Der CDU-Parteivorsitzende Friedrich Merz hatte im Januar 2023 eine "Politische Patenschaft" für Jamshid Sharmahd übernommen. Zu dem Zeitpunkt saß Sharmahd bereits fast 900 Tage in Einzelhaft in einem iranischen Gefängnis und erwartete seinen letzten Prozesstag.
Was ist eine "politische Patenschaft"?
Die Idee dahinter ist, dass sich deutsche Politiker öffentlich für Menschen engagieren, die in Unrechtsstaaten mutmaßlich unschuldig im Gefängnis sitzen. Organisiert und vergeben werden solche Patenschaften durch die Internationale Gesellschaft für Menschenrechte (IGFM) mit Sitz in Frankfurt.

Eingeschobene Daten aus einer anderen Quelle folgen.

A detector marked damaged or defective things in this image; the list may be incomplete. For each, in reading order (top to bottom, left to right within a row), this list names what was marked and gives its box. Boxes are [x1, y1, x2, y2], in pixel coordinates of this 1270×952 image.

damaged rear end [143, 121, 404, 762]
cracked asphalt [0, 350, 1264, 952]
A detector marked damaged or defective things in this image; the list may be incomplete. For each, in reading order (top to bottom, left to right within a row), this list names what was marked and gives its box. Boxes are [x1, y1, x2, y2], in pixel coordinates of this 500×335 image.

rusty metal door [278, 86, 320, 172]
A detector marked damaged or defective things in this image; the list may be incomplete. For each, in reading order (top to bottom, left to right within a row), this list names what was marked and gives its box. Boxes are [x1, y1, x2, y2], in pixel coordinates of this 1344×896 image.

Besonders viele Patenschaften bestehen zu Inhaftierten in Iran, China und Russland. Aber auch Fälle in der Türkei, in Belarus, Kuba oder Nicaragua sind dabei.

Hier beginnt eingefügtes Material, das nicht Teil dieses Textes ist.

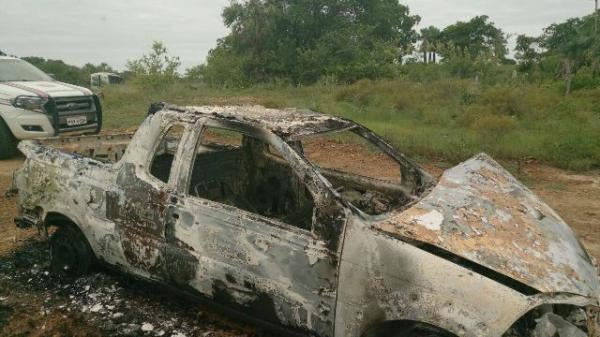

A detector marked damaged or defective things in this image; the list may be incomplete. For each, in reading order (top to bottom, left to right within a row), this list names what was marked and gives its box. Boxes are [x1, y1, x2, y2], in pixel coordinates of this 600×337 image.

burnt car interior [188, 126, 314, 228]
burnt car roof [162, 103, 354, 138]
burned car [9, 103, 600, 334]
charred car body [9, 104, 600, 334]
burnt hood [376, 154, 600, 296] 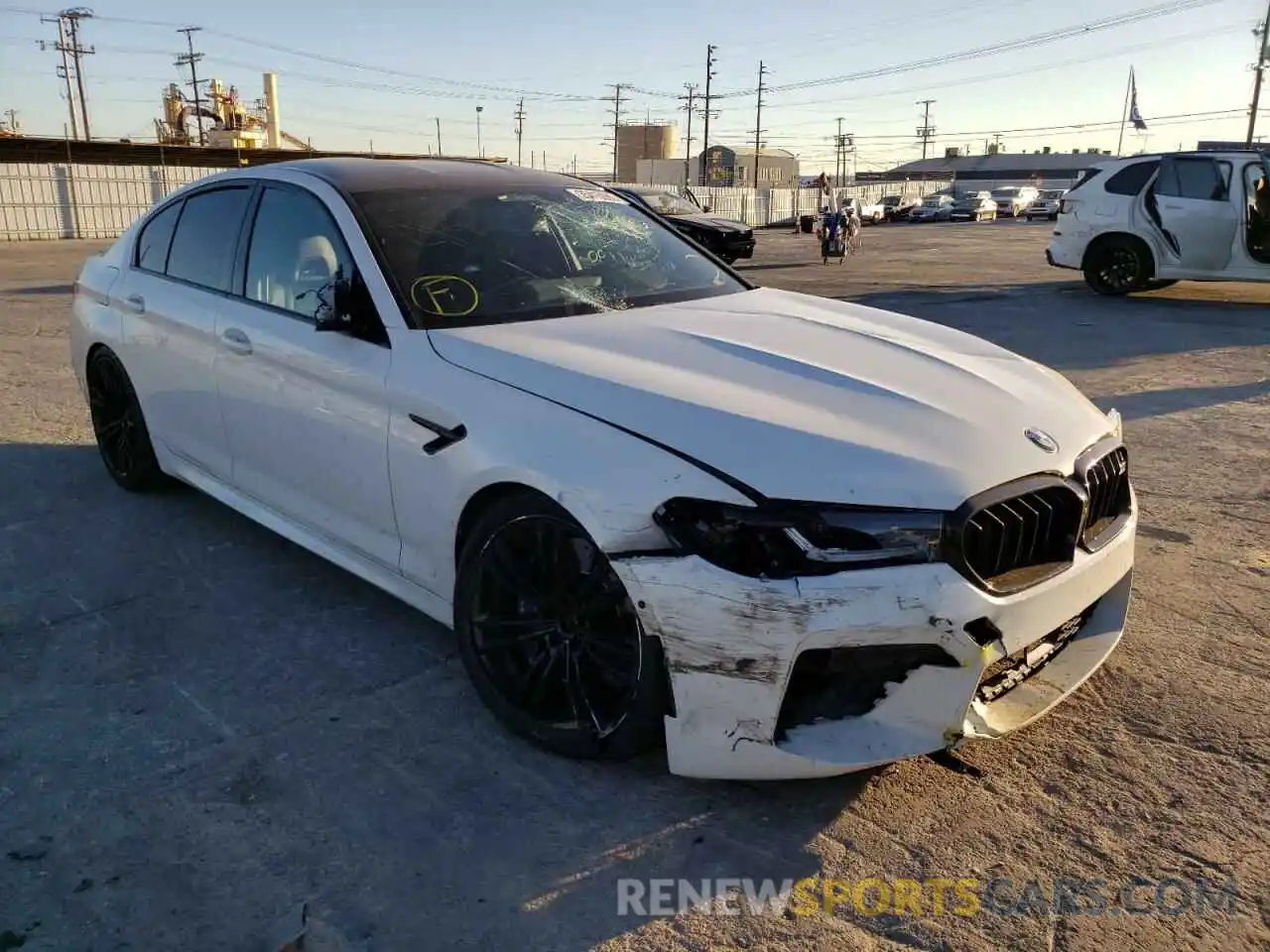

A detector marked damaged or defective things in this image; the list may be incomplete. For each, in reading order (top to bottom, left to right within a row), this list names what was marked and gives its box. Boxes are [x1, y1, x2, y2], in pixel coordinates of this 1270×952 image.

cracked windshield [350, 183, 741, 327]
damaged front bumper [609, 515, 1137, 781]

Wie funktioniert das konkret?
Interessierten Abgeordneten schlage die IGFM einen Menschen vor, der zurzeit als politischer Gefangener mutmaßlich zu Unrecht in einem Gefängnis sitzt, erklärt IGFM-Sprecher Valerio Krüger. Meist handelt es sich um Aktivisten oder Aktivistinnen beziehungsweise Journalistinnen und Journalisten, die sich gewaltlos für Menschenrechte, Frauenrechte oder Umweltschutz eingesetzt haben oder Angehörige verfolgter Minderheiten sind. Die IGFM stellt dann Informationen über den Gefangenen zusammen und liefert Updates, sobald es Veränderungen gibt.

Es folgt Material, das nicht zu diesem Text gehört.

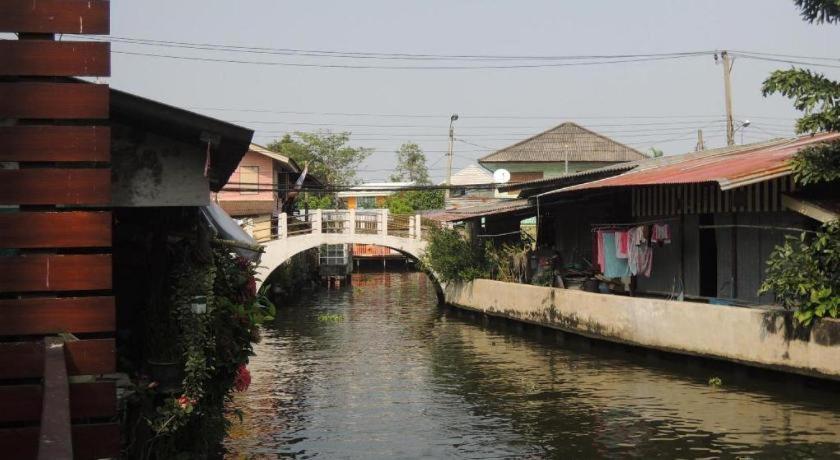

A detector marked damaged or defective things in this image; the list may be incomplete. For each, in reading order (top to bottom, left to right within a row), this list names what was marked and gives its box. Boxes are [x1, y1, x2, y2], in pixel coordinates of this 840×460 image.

rusty metal roof [540, 132, 836, 195]
rusty metal roof [424, 199, 536, 224] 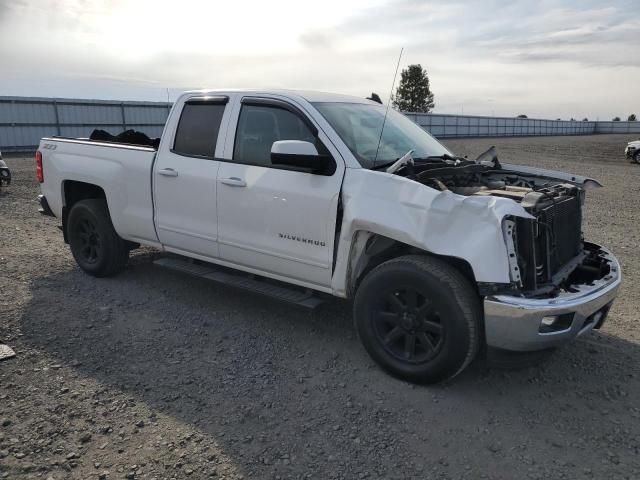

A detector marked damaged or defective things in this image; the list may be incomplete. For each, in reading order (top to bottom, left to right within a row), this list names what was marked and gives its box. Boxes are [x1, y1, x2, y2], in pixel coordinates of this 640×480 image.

cracked bumper [484, 244, 620, 352] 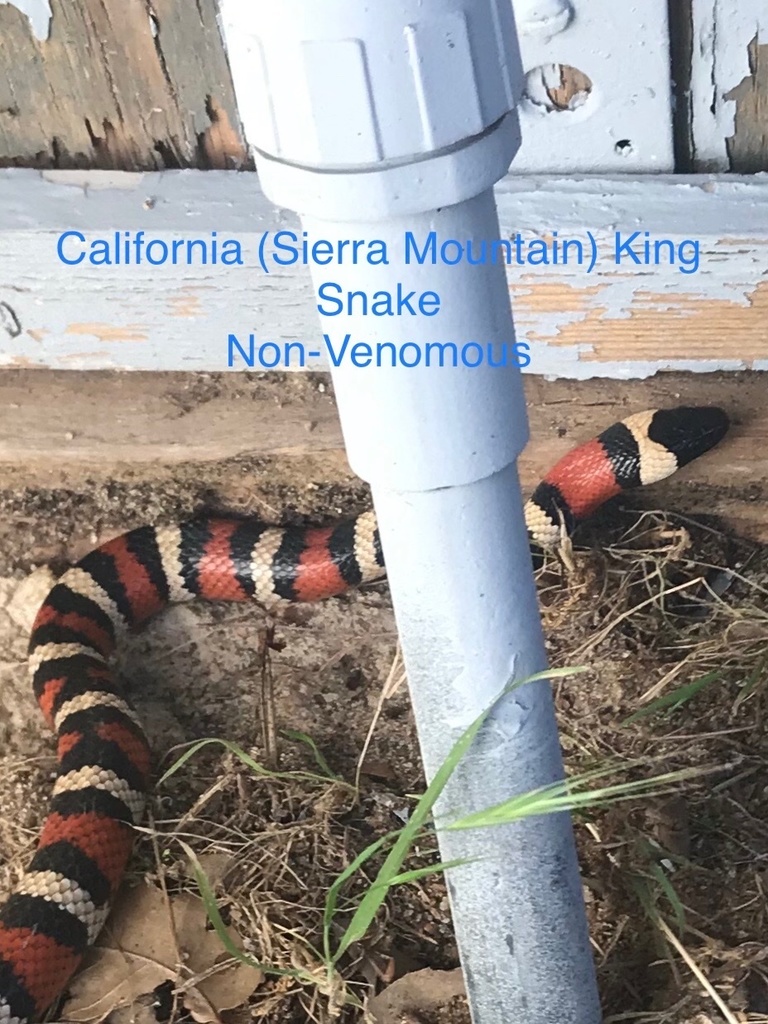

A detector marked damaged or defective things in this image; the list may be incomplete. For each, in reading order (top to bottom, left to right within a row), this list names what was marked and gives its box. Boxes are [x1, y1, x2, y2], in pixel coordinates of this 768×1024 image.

peeling paint on wood [0, 0, 246, 169]
peeling paint on wood [0, 169, 765, 378] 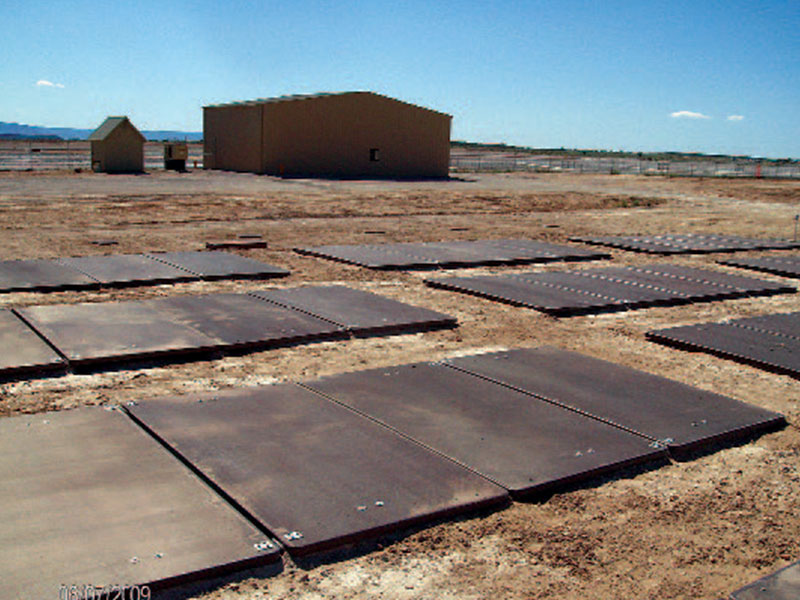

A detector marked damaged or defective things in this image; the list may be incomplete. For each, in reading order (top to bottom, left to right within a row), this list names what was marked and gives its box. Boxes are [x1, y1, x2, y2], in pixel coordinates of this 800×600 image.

rusty steel plate [0, 258, 98, 292]
rusty steel plate [57, 253, 198, 286]
rusty steel plate [148, 253, 290, 282]
rusty steel plate [720, 255, 800, 278]
rusty steel plate [0, 310, 65, 380]
rusty steel plate [19, 298, 219, 368]
rusty steel plate [155, 292, 346, 350]
rusty steel plate [253, 284, 460, 336]
rusty steel plate [648, 322, 796, 378]
rusty steel plate [446, 344, 784, 458]
rusty steel plate [304, 364, 664, 500]
rusty steel plate [129, 384, 510, 556]
rusty steel plate [0, 408, 282, 600]
rusty steel plate [732, 560, 800, 596] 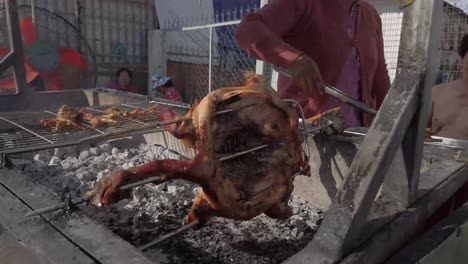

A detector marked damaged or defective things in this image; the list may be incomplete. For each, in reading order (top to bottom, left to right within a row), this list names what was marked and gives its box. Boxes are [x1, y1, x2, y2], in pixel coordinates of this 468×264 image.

rusty metal post [282, 1, 446, 262] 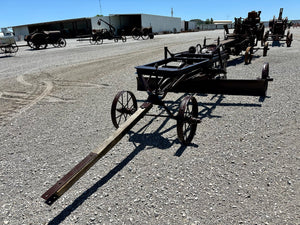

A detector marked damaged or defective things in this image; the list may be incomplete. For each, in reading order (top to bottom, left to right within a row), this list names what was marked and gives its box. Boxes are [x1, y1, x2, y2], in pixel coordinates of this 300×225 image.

rusty metal component [24, 30, 67, 49]
rusty metal component [262, 7, 292, 46] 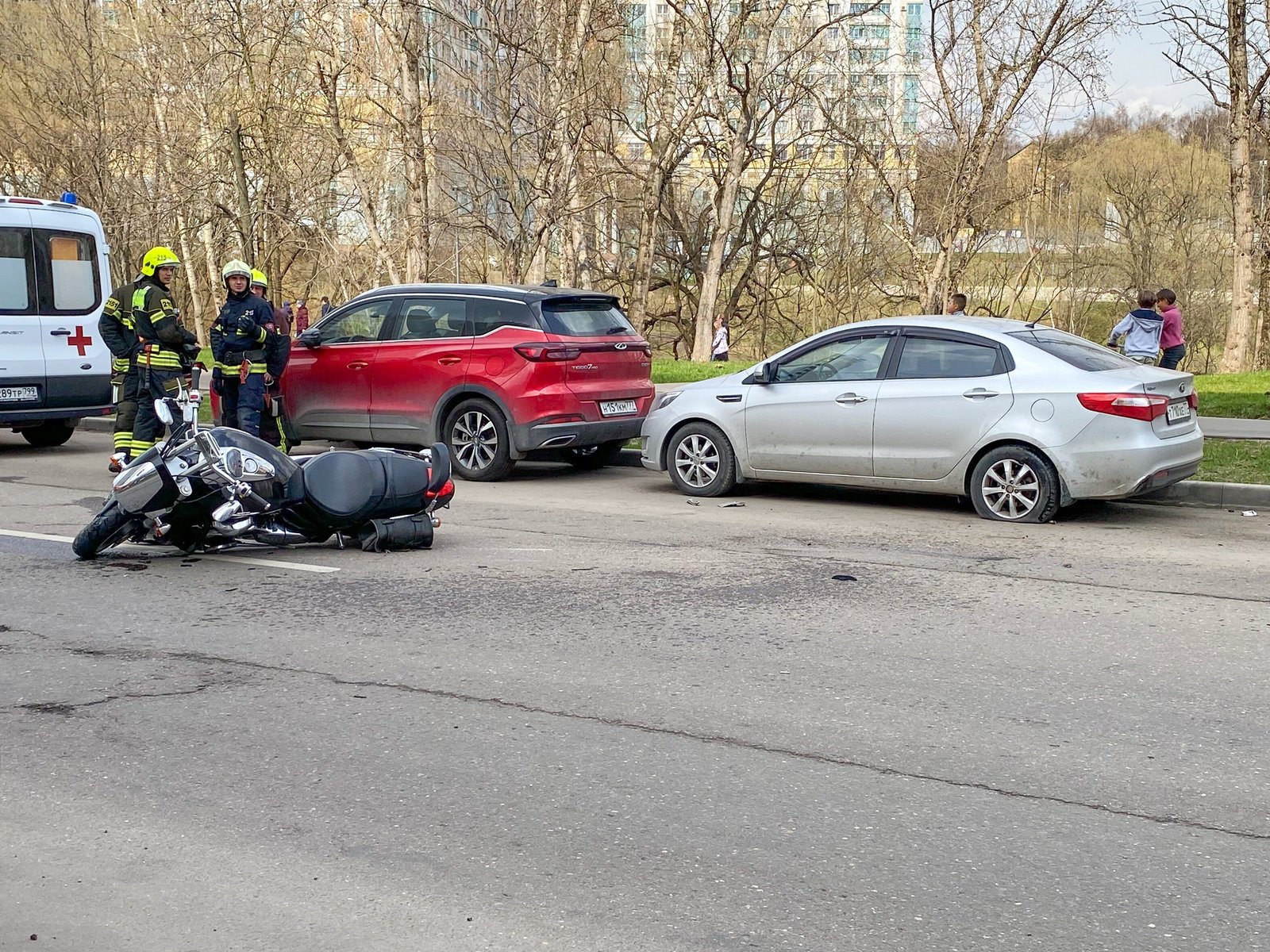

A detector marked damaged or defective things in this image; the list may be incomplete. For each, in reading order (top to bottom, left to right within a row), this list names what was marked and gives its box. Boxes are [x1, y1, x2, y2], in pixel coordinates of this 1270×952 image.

cracked asphalt [2, 428, 1270, 946]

Welche Aufgabe ist damit verbunden?
Abgeordnete, die eine politische Patenschaft übernommen haben, sollen "ihren" Fall so oft wie möglich publik machen. Das können Informationsveranstaltungen über den Gefangenen im eigenen Wahlkreis sein oder Unterschriften-Listen für den Gefangenen. "Je mehr Öffentlichkeit für den Gefangenen, umso besser", beschreibt die IGFM die Idee. Vor allem aber soll der oder die Abgeordnete sich an den Botschafter und die Regierung des entsprechenden Landes wenden und immer wieder Fragen zu dem politischen Gefangenen stellen.
Was kann eine politische Patenschaft bringen?
Ziel ist grundsätzlich die Freilassung des jeweiligen Menschen. Die Aufmerksamkeit deutscher Politiker für einen inhaftierten Aktivisten soll die jeweilige Regierung in Zugzwang bringen. "Selbst Folterstaaten wie die Islamische Republik Iran oder die Volksrepublik China wollen nach außen einen Anschein von Rechtmäßigkeit aufrechterhalten", schreibt die IGFM. Für beide Länder sei Deutschland "politisch und wirtschaftlich ein außerordentlich wichtiges Land".
Die Erfahrung zeige, dass Länder wie der Iran "Wünsche von deutschen Abgeordneten und Vorgänge, die den Iran betreffen, sehr aufmerksam wahrnimmt". Der Einsatz von Politikern habe bereits für viele der betreuten Gefangenen zu erheblichen Verbesserungen geführt, sagt Krüger: Zur Umwandlung von Todesstrafen in Haftstrafen, zur deutlichen Reduzierung der willkürlichen Gefängnisstrafen, zu einem Ende von Misshandlungen und vielfach auch zur Freilassung.
Die hessische Landtagsabgeordnete Martina Feldmayer (Grüne) beispielsweise sei besonders aktiv. Unter ihrer Patenschaft kam die iranische Umweltwissenschaftlerin Niloufar Bayani frei, ebenso die iranische Schriftstellerin Golrokh Iraee.
Wer hat eine politische Patenschaft übernommen?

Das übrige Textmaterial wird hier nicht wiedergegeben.